I've only tried endian, pfsense, smoothwall, and ipcop.

IPCOP is the only one I could get everything I needed to work without bugs. Well, and endian too. But Ipcop has been my fav. so far.
 
We setup PFSense and Smoothwall in our networking class last year. PFSense took a lot of work to get it running, Smoothwall seemed pretty easy.

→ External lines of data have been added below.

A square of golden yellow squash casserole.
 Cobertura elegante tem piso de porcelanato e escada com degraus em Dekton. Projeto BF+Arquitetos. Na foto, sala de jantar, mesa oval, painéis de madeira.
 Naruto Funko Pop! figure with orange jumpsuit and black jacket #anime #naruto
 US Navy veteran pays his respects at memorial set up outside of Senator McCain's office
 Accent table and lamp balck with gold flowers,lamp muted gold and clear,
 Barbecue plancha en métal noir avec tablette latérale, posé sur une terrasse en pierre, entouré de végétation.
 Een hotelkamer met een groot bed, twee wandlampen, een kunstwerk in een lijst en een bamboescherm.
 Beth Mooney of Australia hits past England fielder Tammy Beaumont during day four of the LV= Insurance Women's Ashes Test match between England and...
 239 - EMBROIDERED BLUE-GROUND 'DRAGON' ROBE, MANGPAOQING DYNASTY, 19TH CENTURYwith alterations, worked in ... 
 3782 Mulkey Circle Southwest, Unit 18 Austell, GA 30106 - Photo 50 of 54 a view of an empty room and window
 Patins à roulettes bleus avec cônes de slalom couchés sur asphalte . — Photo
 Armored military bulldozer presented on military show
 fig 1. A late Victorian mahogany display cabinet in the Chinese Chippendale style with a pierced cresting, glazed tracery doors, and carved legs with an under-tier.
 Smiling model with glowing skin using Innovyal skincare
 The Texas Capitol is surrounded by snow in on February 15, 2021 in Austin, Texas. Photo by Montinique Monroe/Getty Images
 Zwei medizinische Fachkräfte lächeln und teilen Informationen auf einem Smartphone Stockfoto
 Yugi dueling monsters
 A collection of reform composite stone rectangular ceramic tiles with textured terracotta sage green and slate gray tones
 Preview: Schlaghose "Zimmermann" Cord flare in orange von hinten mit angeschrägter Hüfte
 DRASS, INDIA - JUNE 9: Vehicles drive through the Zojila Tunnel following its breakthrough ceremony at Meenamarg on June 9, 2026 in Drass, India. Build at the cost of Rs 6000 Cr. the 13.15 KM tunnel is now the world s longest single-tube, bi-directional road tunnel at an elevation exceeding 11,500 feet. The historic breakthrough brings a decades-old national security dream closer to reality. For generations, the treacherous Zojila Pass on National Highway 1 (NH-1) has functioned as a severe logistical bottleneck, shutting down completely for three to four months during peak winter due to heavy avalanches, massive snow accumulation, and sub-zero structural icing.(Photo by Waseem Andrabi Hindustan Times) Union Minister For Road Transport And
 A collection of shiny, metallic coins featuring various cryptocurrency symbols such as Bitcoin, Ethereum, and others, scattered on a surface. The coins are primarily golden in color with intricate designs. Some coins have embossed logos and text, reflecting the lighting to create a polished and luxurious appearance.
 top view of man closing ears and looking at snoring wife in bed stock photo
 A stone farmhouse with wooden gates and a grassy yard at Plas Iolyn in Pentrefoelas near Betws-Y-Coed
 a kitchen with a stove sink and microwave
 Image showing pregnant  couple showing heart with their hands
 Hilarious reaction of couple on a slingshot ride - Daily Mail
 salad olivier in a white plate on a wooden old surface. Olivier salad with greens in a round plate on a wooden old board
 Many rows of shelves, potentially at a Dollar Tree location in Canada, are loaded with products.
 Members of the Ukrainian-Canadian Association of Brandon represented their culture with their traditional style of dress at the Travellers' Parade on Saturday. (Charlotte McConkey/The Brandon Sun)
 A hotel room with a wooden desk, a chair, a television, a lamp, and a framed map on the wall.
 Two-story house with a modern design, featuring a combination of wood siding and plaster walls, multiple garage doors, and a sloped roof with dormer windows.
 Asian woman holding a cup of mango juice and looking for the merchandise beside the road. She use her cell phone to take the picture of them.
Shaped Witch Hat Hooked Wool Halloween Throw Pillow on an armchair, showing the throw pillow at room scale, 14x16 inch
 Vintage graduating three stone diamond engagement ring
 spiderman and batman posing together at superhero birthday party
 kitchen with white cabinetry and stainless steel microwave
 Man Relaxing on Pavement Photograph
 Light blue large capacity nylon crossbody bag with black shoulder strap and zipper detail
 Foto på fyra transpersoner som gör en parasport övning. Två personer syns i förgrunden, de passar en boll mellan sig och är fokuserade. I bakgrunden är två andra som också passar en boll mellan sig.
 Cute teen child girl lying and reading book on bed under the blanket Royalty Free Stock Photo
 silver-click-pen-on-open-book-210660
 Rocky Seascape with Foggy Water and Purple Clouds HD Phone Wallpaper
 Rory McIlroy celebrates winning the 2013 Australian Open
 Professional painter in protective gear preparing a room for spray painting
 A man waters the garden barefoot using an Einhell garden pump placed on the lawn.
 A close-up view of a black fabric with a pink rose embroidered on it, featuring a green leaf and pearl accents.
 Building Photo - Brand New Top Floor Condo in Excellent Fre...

I am no firewall expert though.
 
Smoothwall 3.0 w/a few mods FTW!

I have tried most of them, and keep coming back to smoothwall for various reasons and features.
 
Homebrew!

Ubuntu Linux 6.06 LTS Server Edition + Shorewall Firewall + dhcpd\bind\freeradius + OpenVPN.

I'd run an actual firewall distribution except in all except really pfSense, OpenVPN and FreeRADIUS support are crippled (lack of AD Authentication in FreeRADIUS and lack of out-of-the-box bridge support and multiple tunnels in OpenVPN).

So I'm happy with what I've got setup now :D. Works fabulously.
 
<sarcasm>
My choice is ISA 2006 FTW!
</sarcasm>

At work we run a smoothie, at home I have an Endian Setup. For non-home use I would stay away from a homebrew setup. I would go with anything that has paid support so when your customer's setup is messed up and you can't figure out what's going on, tech support can save the day.
 
For non-home use I would stay away from a homebrew setup. I would go with anything that has paid support so when your customer's setup is messed up and you can't figure out what's going on, tech support can save the day.

Not really, Apache hosts most of the internet and i dont know of payed support for that.